This week’s March On Kansas City established peaceful protest as the continuing standard

March On Kansas City 09 04 2020 5121 1

March on Kansas City, September 4. // Photo by Jim Nimmo

Hundreds of protesters gathered downtown in front of police headquarters in the middle of a hot, summer afternoon on Friday, September 4th. They were there to participate in The March on Kansas City to honor the 57th anniversary of Dr. Martin Luther King’s March on Washington. The march was hosted by the American Civil Liberties Union, the Urban League and the Southern Christian Leadership Conference. The plan was to march through downtown to Liberty Memorial for a rally and speeches.  

Now I have enough conservative friends on Facebook to know how this event was supposed to end. Violence, property damage, assaults, and general mayhem. I know this because every meme and story by my conservative friends emphasize the violence that occurs at every protest. But that’s not true and it definitely was not what happened on Friday afternoon in Kansas City. 

What happened in real life is that people peacefully marched to Liberty Memorial. A variety of speakers spoke passionately to a peaceful crowd. Congressman Emmanuel Cleaver spoke of the importance of peaceful protest, telling the gathered crowd, “Martin Luther King marched in daylight so people could see them protest.” Other speakers called for the firing of Chief of Police Rick Smith. Some demanded police reforms in line with the “Eight Can’t Wait” agenda, which calls for banning chokeholds and multiple police accountability actions.

Brandon Henderson, President of the Student Government Association for UMKC told of the experiences of students and their interactions with police during the first weekend of protests. Parents of children whom were killed by local police spoke with anger about the procedural difficulties in pursuing investigations of police misconduct. Children of those killed by police stood by silently as witness to their loss. There was no Antifa violence.

Regardless of what you read on Facebook, the Friday march was the “norm” for this summer’s protests all across the country. Yes, there have been protests that devolved into riots as the sun went down. But those violent protests are by far and away in the minority.

Princeton University released a study of this summer’s protests. By their count, between May 26th and August 22nd, there were over 7,750 demonstrations linked to the Black Lives Matter movement. These demonstrations occurred in all 50 states in over 2,440 locations. Of these protests, 93% were peaceful. The roughly 570 violent protests took place in fewer than 220 locations. In those locations where riots took place more than once, the rioting was limited to specific blocks. Some of the protests, such as the Washington Square protest, are listed as violent but it is noted that the violence was started by authorities. Interactions with counter-protesters were listed as violent as well, contributing to that 570 total regardless of who started the violence.

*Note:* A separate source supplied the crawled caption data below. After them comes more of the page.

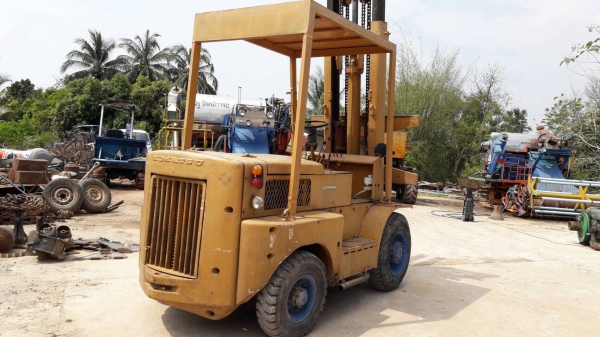 ขาย 110.000 บาท รถโฟค์ลิฟ โครมัสุ FD50 ยกได้5ตัน เครื่องดีเชล สภาพสวยเดิม พร้อมใช้งาน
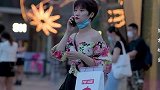 短发姑娘，穿着一双尖头细跟鞋，更显精致优雅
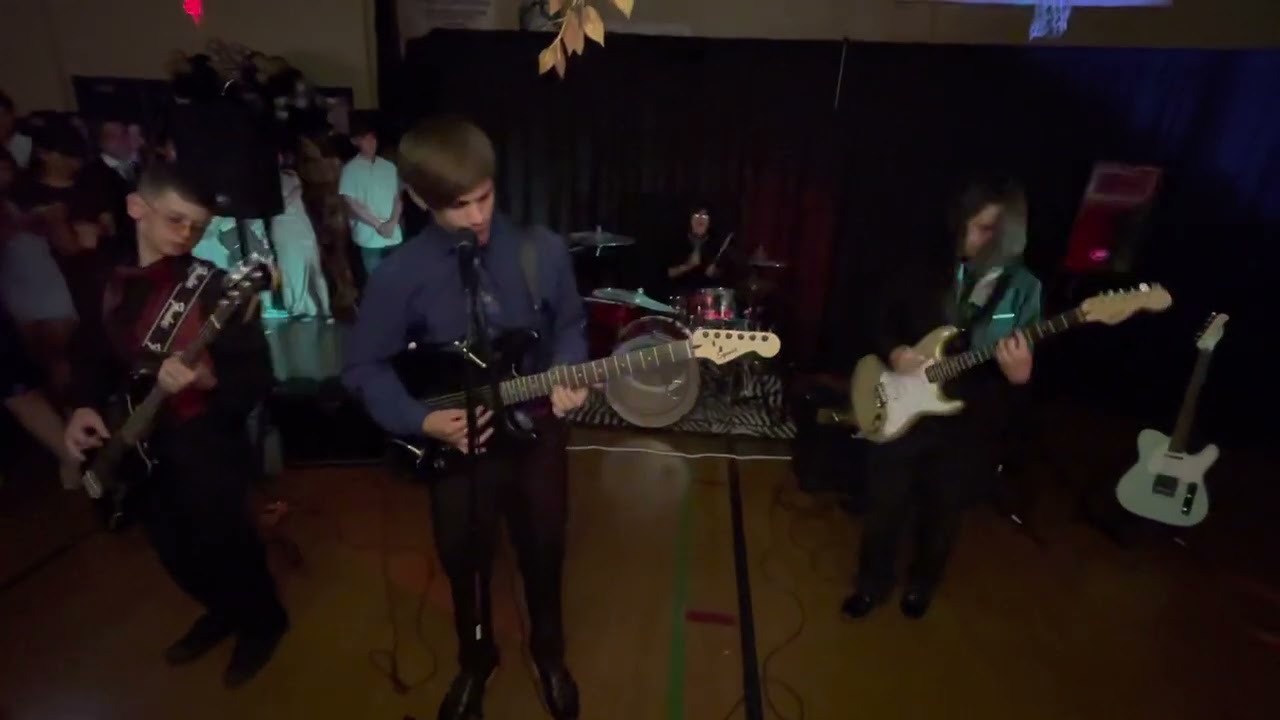 Surf Curse’s “freaks” cover by band of 8th graders!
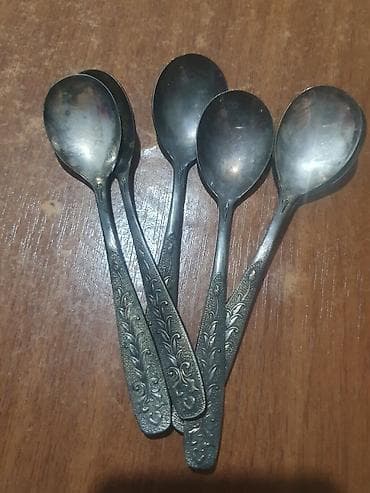 Məhsul: Naqişli metal qaşıq dəsti - Tərkib: Metal (gümüşü rəng — 1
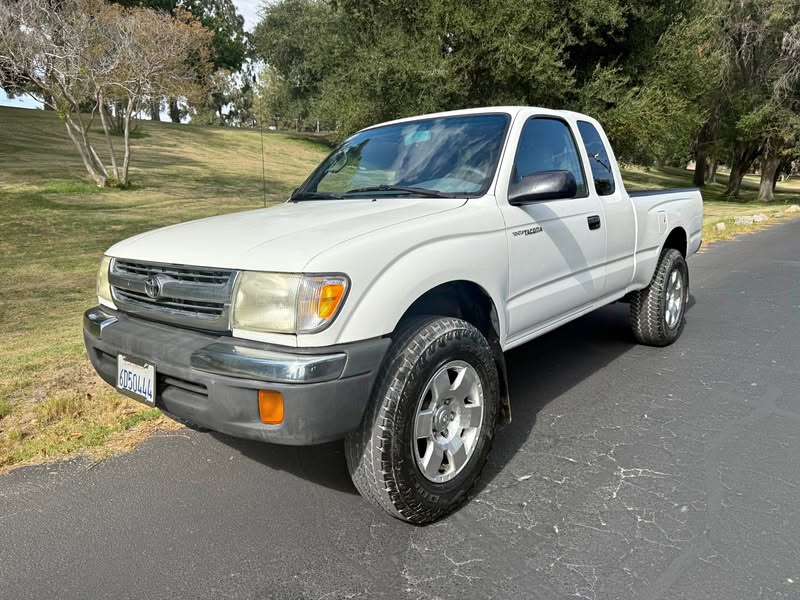 2000 Toyota Tacoma Xtracab - PreRunner Pickup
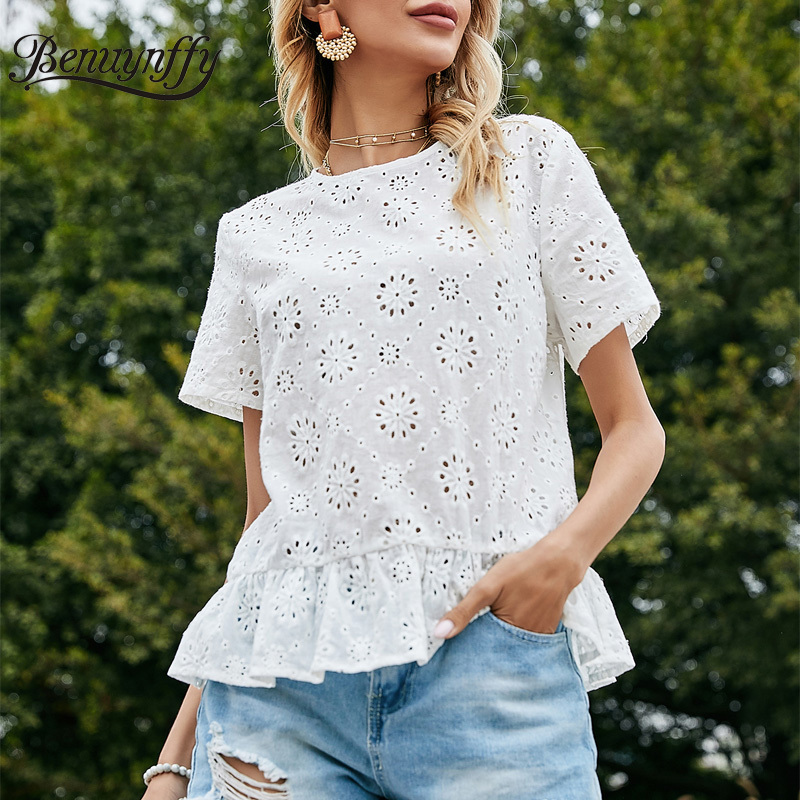 Crew Neck Hollow Out Womens Tops and Blouses Fashion Summer Short Sleeve Pleated Women Casual White Blouse 210510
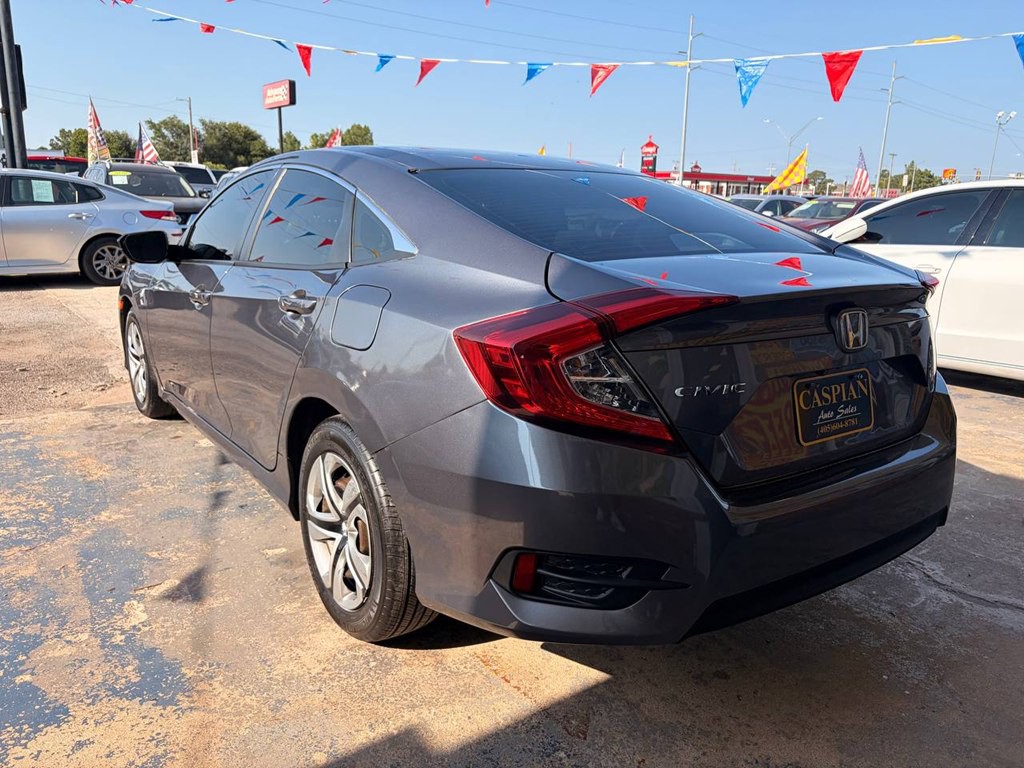 2018 Honda Civic Image 8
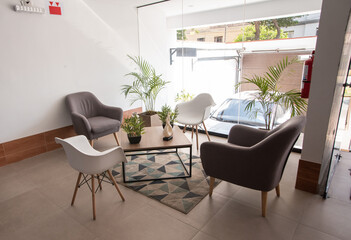 recepcion de edificio con cochera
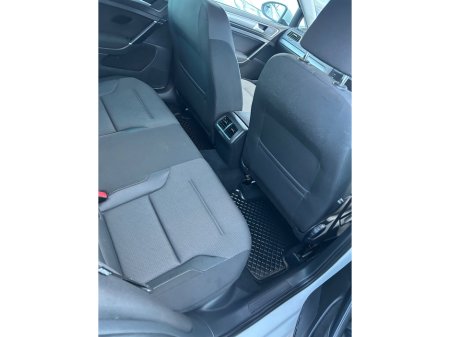 2019 Volkswagen Golf  €18,950 thumbnail
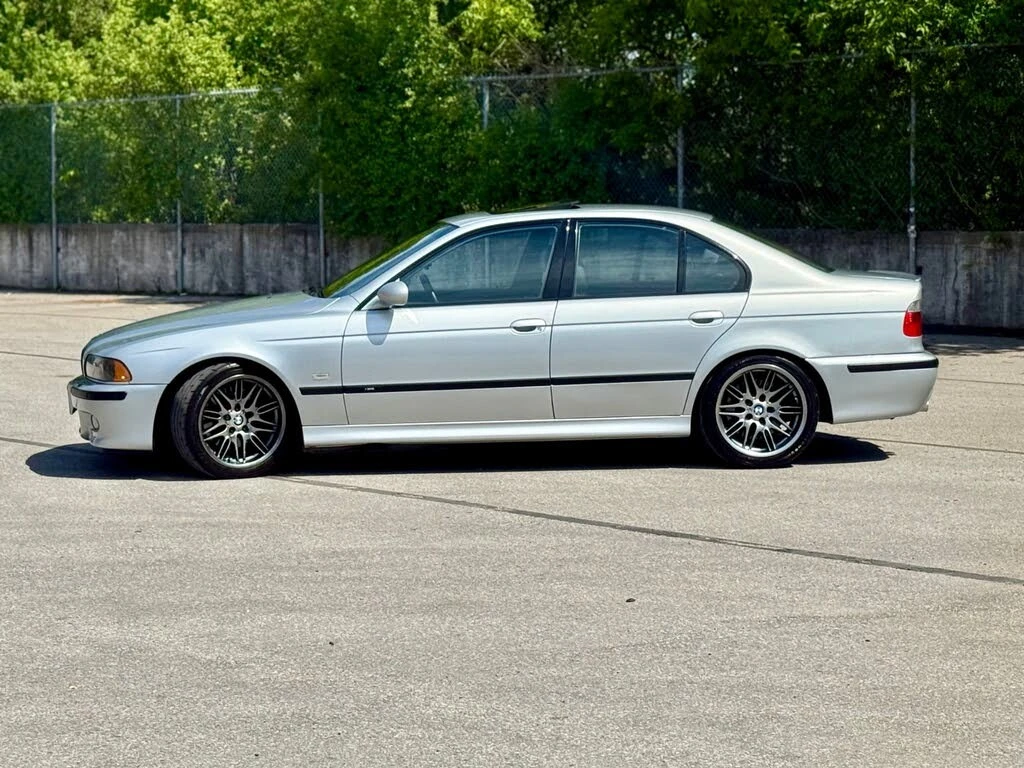 BMW M5 MANUAL* КОЖА* ПОДГРЕВ* NAVI* ШИБИДАХ* , снимка 4 - Автомобили и джипове - 55616837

I am in no way condoning the violence. But I also refuse to condone the right-wing misinformation campaign that dominates social media. Protesters are not burning entire cities. They’re not coming for the suburbs next to track up your lawn and pee in your swimming pool. They’re not busing Antifa to rural areas to burn your cornfields. But the Anti-Defamation League insists that there are numerous social media campaigns designed to make you believe all that and more. The infamous trending twitter topic of Antifa attacking the suburbs originated with the Twitter account @ANTIFA_US. “Tonight we say ‘Fuck The City’ and we move into the residential areas…the white hoods…and we take what’s ours.” Twitter has since suspended the account and linked it to Identity Evropa, a white supremacist group. 

Similar posts flooded the social media accounts of Joplin, Mo earlier this summer. A legitimate, peaceful protest was scheduled and promoted on social media but rumors of Antifa busing in protesters to riot through the streets of Joplin prompted local businessmen to spend thousands of dollars on plywood to board up shop windows. There were no buses of Antifa, there was no violence…just one more of over 7,100 peaceful protests this summer.  

The March on Kansas City was another.